(Beginning of Dataset excerpts)
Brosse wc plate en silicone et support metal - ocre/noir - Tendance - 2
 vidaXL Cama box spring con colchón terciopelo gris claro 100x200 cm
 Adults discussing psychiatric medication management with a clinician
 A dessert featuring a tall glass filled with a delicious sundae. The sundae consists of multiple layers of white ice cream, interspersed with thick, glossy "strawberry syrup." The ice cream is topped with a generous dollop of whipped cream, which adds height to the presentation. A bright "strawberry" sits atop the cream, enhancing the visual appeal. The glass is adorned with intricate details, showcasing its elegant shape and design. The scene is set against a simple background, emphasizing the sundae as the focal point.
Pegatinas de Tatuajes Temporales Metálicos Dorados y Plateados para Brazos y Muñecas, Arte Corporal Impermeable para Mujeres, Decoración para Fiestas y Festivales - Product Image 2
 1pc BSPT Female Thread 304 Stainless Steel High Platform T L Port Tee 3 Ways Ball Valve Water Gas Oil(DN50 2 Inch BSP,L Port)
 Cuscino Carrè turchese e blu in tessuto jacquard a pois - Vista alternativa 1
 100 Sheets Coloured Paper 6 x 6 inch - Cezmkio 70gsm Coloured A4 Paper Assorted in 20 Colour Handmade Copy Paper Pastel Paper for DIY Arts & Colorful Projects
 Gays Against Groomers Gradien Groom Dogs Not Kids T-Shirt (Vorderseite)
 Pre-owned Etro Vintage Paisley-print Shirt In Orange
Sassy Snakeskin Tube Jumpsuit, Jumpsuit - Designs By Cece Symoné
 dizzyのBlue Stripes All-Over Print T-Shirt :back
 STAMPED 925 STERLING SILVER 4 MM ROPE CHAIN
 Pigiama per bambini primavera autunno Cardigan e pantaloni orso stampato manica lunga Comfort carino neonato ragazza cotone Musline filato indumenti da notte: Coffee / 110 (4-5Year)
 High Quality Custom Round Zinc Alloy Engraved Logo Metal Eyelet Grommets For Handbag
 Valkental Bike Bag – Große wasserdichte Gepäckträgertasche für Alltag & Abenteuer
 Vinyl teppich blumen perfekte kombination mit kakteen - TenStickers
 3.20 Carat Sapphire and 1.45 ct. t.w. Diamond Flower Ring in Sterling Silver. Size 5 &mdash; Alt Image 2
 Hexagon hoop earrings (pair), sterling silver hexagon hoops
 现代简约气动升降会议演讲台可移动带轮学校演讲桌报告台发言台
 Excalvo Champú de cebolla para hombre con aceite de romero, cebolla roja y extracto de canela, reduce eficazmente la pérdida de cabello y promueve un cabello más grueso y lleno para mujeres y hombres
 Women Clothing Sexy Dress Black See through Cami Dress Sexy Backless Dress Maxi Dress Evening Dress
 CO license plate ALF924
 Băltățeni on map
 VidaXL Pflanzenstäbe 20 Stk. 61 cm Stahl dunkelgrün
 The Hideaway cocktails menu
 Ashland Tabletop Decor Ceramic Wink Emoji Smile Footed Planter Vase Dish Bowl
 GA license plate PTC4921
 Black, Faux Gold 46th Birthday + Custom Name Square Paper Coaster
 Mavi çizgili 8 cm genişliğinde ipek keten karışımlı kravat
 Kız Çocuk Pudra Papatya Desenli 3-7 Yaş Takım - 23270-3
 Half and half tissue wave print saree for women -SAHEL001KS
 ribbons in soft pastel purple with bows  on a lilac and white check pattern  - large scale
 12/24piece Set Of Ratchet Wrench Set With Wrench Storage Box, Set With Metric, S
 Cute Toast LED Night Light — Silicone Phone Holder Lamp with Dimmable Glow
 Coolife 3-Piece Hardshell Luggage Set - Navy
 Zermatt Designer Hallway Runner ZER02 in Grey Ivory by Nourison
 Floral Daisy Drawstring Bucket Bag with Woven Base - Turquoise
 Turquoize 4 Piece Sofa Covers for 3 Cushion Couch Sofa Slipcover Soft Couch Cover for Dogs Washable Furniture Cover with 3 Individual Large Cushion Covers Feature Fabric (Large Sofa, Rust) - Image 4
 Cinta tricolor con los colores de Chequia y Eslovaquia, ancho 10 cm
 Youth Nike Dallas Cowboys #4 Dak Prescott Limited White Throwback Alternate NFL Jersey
(End of Dataset excerpts)
What to produce
Within the material above, transcribe exactly the lines that run from the line holding "Excalvo Champú de" through the line holding "Zermatt Designer Hallway".

Answer to this problem
 Excalvo Champú de cebolla para hombre con aceite de romero, cebolla roja y extracto de canela, reduce eficazmente la pérdida de cabello y promueve un cabello más grueso y lleno para mujeres y hombres
 Women Clothing Sexy Dress Black See through Cami Dress Sexy Backless Dress Maxi Dress Evening Dress
 CO license plate ALF924
 Băltățeni on map
 VidaXL Pflanzenstäbe 20 Stk. 61 cm Stahl dunkelgrün
 The Hideaway cocktails menu
 Ashland Tabletop Decor Ceramic Wink Emoji Smile Footed Planter Vase Dish Bowl
 GA license plate PTC4921
 Black, Faux Gold 46th Birthday + Custom Name Square Paper Coaster
 Mavi çizgili 8 cm genişliğinde ipek keten karışımlı kravat
 Kız Çocuk Pudra Papatya Desenli 3-7 Yaş Takım - 23270-3
 Half and half tissue wave print saree for women -SAHEL001KS
 ribbons in soft pastel purple with bows  on a lilac and white check pattern  - large scale
 12/24piece Set Of Ratchet Wrench Set With Wrench Storage Box, Set With Metric, S
 Cute Toast LED Night Light — Silicone Phone Holder Lamp with Dimmable Glow
 Coolife 3-Piece Hardshell Luggage Set - Navy
 Zermatt Designer Hallway Runner ZER02 in Grey Ivory by Nourison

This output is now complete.